Querido Brógui,
Essa edição é de 2004. Em 2003? Sei lá o que estava fazendo. Que esquisito… Aqui, pela primeira vez, o texto é endereçado ao Querido Diário. Ainda não tem o tom que tem hoje, mas está bacaninha.
“Querido Diário
Minha mãe é a prova de que apenas não muda ou não aprende aquele que de fato não o quer ou então aquele que já morreu (daí não é uma questão de querer ou não).
Quando vejo alguém dizer que “sempre fui assim e agora estou muito velho para mudar”, olho para minha mãe e vejo que não é verdade. Quando vejo alguém dizer que “ninguém muda”, olho para minha mãe. Olho para minha mãe e vejo uma pessoa que tenta muito e quase sempre consegue entender coisas que, para a sua geração, são mesmo complicadas de digerir. E digo de novo: as coisas que ela não reformula em sua vida, não é porque ela está velha, mas porque ela não o quer. Ela repensa e decide que aquele juízo que tinha sobre o assunto continua valendo. Ela opta por não mudar seu comportamento.

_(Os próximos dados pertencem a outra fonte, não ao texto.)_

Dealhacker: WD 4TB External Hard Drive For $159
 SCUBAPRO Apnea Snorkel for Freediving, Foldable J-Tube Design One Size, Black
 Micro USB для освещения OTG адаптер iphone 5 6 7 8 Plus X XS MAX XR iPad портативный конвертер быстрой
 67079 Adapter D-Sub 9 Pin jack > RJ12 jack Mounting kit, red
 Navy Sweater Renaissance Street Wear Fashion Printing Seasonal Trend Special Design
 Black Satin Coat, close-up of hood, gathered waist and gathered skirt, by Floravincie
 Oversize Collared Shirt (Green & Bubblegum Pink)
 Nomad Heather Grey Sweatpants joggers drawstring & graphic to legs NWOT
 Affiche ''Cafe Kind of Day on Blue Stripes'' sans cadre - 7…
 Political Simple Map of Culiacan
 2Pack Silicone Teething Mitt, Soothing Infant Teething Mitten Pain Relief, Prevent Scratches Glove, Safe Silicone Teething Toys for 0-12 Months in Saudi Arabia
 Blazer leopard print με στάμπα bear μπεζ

Tenho conversado muito com ela e agora, de uns três anos pra cá, não me surpreendo tanto com as coisas que me diz. Me surpreendia muito antes, porque tinha uma idéia preconceituosa sobre o que ela pensava acerca de determinados assuntos. Preconceito puro, porque na maior parte das vezes, o que eu achava que ela achava não tinha nada a ver com o que ela achava de verdade. Caí das nuvens várias vezes, agora caio menos, mas ainda caio.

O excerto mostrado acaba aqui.